INTRODUCTION I. FROM INVENTION TO COMMERCIALIZATION IN PATENT LAW A. Identifying a Problem to Be Solved B. The "Proverbial Moment of Conception "' and "Developing a Working Prototype" C. Market Testing and Marketing D. Distribution E. Product Improvements F. "Commercialization" Writ Large II. INDIRECT INCENTIVES FOR COMMERCIALIZATION IN PATENT LAW A. Inventor-Focused Protection B. Rationalizing Rewards for Invention C. The Under-Commercialization of Invention 1. Inventors vs. innovators 2. The timing of invention and commercialization 3. The protection of non-technological innovation 4. Why under-commercialization thwarts the aims of the patent laws III. THE DIFFICULTY OF COMMERCIALIZING "INVENTION" PATENTS A. The Problems of Prospect Patents 1. Substantial inventor-commercializer transaction costs 2. Distributive values in commercializing intellectual property B. The Drawbacks to Revamping Prospect Theory C. The Hurdles to Modifying Reward Theory D. The Infinite Regress in Commercializing "Invention" Patents IV. TOWARDS A PURE "COMMERCIALIZATION" PATENT A. The Shortfalls of Previous Proposals to "Commercialize" Patent Law 1. The difficulties of expanding the scope of patentable subject matter 2. The limited effectiveness of petty patents 3. The complexities of a move to "innovation" warrants and patents B. Proposing a New Form of Commercialization Patent 1. The scope of patentable subject matter 2. Disclosure, claiming, and infringement 3. (Substantial) novelty and (the lack of) non-obviousness 4. The interaction with invention patents 5. The term of commercialization patents 6. Administering a commercialization patent system 7. Easing patent reform CONCLUSION INTRODUCTION

About half, probably more, of all patented inventions in the United States are never commercially exploited. (1) Many of these undeveloped inventions are commercially worthless ab initio, such as the anti-eating face mask, (2) beer bottle mini-umbrella, (3) and weed-cutting golf club. (4) Yet, for several reasons, the patent "underdevelopment" problem arguably applies to a large share of potentially valuable inventions. (5) First, patent law encourages inventors to file for patents early in the innovation process. (6) At this stage, especially for modem technologies, an invention is usually not in the form of a finished product ready for sale, and its commercial success is highly uncertain. (7) Instead, the inventor must undertake costly and risky development and testing to transform the invention into a commercially viable product. (8) This uncertainty encourages inventors to delay commercialization in the hopes of reducing risk--for example, by taking advantage of emerging complementary technologies that may lower production costs more than any forgone profits. (9) Indeed, many of the twentieth century's greatest inventions, including the television, radio, radar, and penicillin, were not commercialized until decades after they were invented. (l0) In some instances, the uncertainty is so great that the commercialization of a worthwhile invention never occurs. (11)

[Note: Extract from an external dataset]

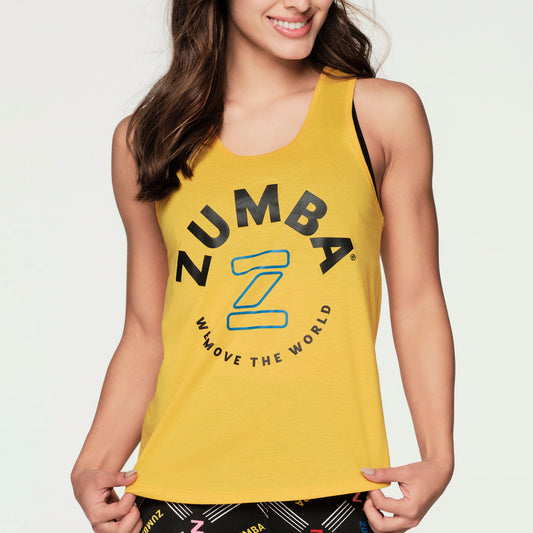 Zumba Move The World Tank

Second, patent law allows broad claims that encompass more than what an inventor actually discloses in a patent. (12) Although broad claims can reduce commercialization costs by allowing the original patentee to coordinate development among multiple firms, often this coordination fails to occur because of high bargaining costs or strategic behavior, which can stymie the independent commercialization efforts of more efficient firms. (13) Because early patent grants reward the best inventor, (14) but not necessarily the best commercializer, broad claims can impose unwarranted burdens on third-party commercializers. (15) Rampant defects in patent examination, licensing, and litigation often make these undue costs quite large and diminish commercialization. (16)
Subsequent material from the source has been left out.